Vous l’aurez compris, Beaucoup de bruit pour rien version Sergio Leone est servi par une troupe de joyeux lurons dont le seul but est de s’amuser en nous amusant. J’utilise volontairement le mot « troupe », car c’est cet esprit-là qu’ils font régner au Ranelagh (je le dis à chaque fois, mais quel bel écrin que ce théâtre, pour moi le plus esthétiquement raffiné de Paris). Je n’irai pas jusqu’à les traiter, au vu de leurs uniformes, de « cons fédérés », mais ils possèdent tous les huit, un sens inné de la déconne. Ils sont capables de passer de la blague la plus potache à l’affrontement le plus dramatique avec une véracité totale dans les deux genres. Leur jeu est parfaitement maîtrisé. Pour parvenir à une telle qualité de jeu tout en ayant l’air de ne pas se prendre au sérieux, ça en représente des années de travail. Et une belle complicité. D’autant qu’ils campent à eux huit une vingtaine de personnages (19 pour être précis). Je vous recommande particulièrement le numéro ahurissant de drôlerie accompli par un shérif et son assistant plutôt gratinés. Mais il est impossible de synthétiser ce spectacle en quelques scènes tant il est dense et riche. On est chez Shakespeare quand même ! Si nous, dans le public, on n’y pense pas toujours, eux ils le savent et ils gardent le cap. Cap à l’Ouest, certes, mais ils ne dénaturent pas. Et eux, quand il leur arrive de faire beaucoup de bruit, ce n’est pas pour rien, puisque c’est pour notre plaisir…

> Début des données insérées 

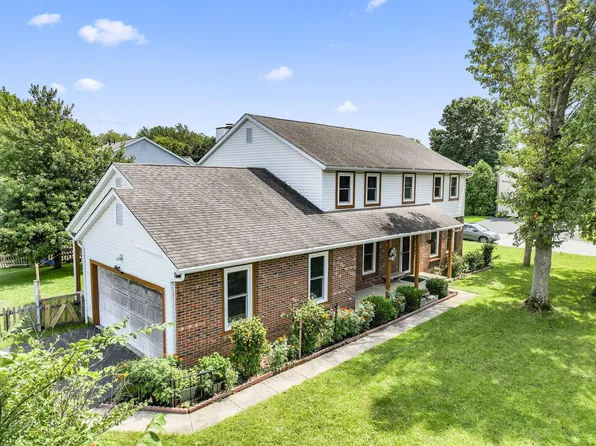 410 White Path St, Pataskala, OH 43062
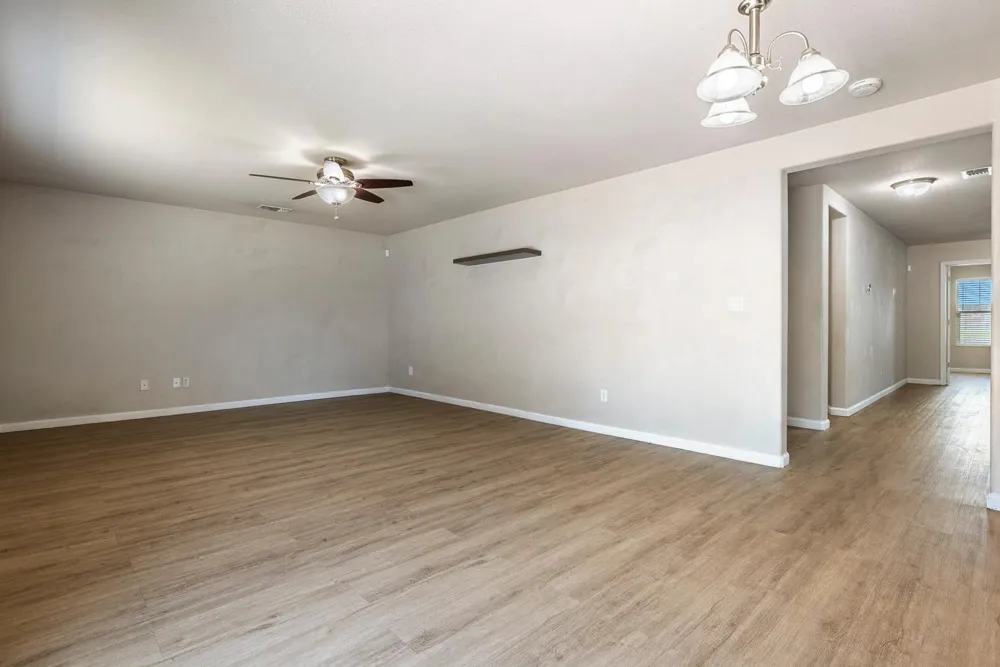 648 11th Street Sanger, CA 93657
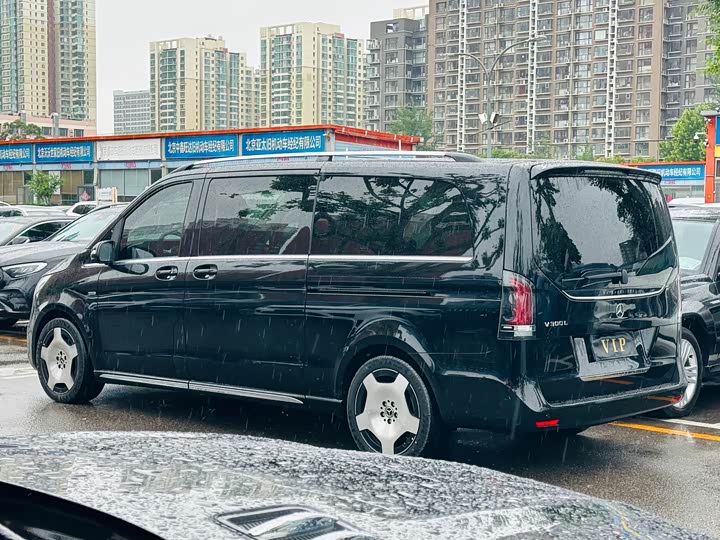 Mercedes-Benz V-Class 2024 2024款 V 300 L 长轴距豪华版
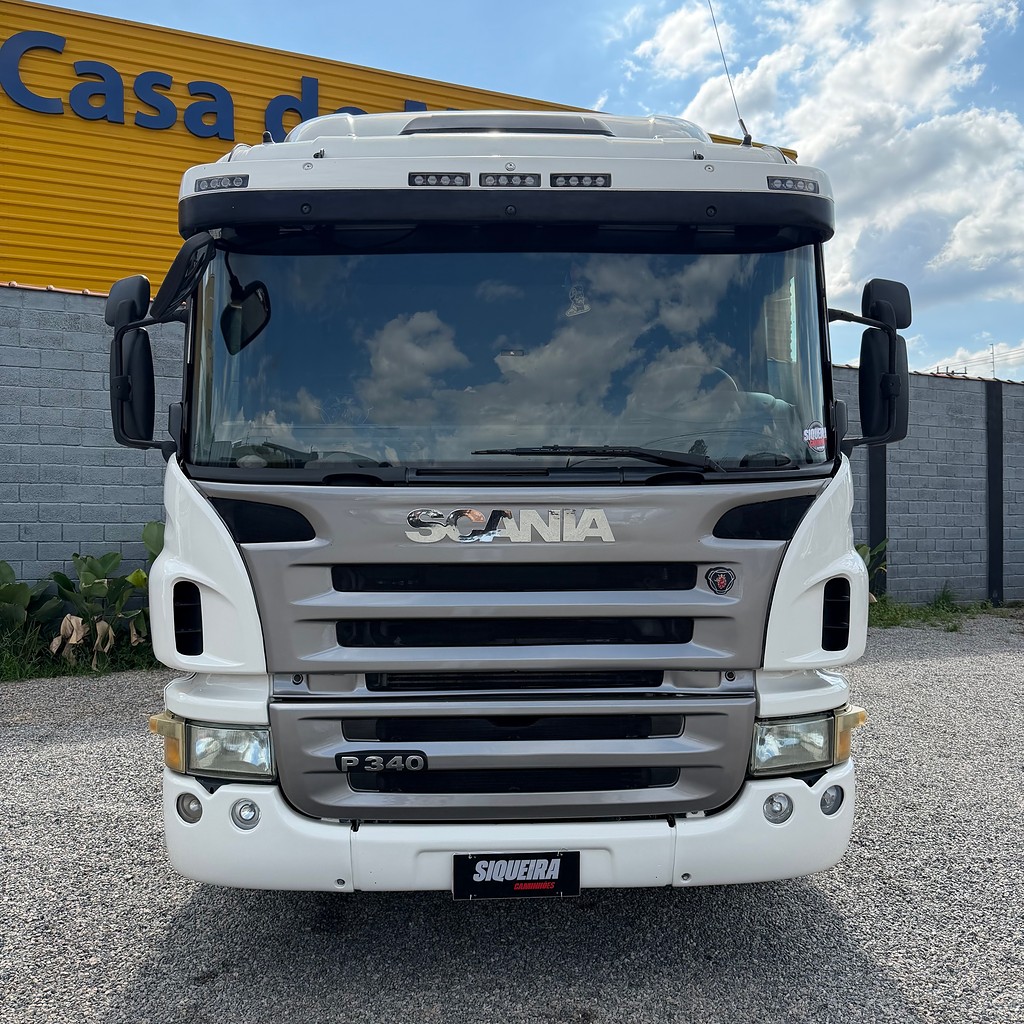 Caminhão SCANIA P340 Cavalo Mecânico ANO 2010 de Siqueira Caminhões em São Paulo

Ajoutez à cela une bande son particulièrement soignée avec clins d’œil du côté de chez Ennio Morricone et musique appropriée aux différents tableaux, de beaux costumes, et quelques belles trouvailles de mise en scène, et vous aurez la confirmation que l’on passe un très bon moment en compagnie de cette bande d’hurluberlus vraiment doués qui nous offre un spectacle total. Ils sont tous excellents, or j’ai toutefois un faible pour la comédienne qui joue Béatrice. Il est vrai qu’elle est servie par un florilège de phrases aussi assassines qu’intelligentes, et les joutes verbales qui l’opposent au capitaine Bénédick sont brillantissimes, mais elle y apporte tant de fraîcheur, de fantaisie et de conviction que chacune de ses interventions est marquée du sceau du talent.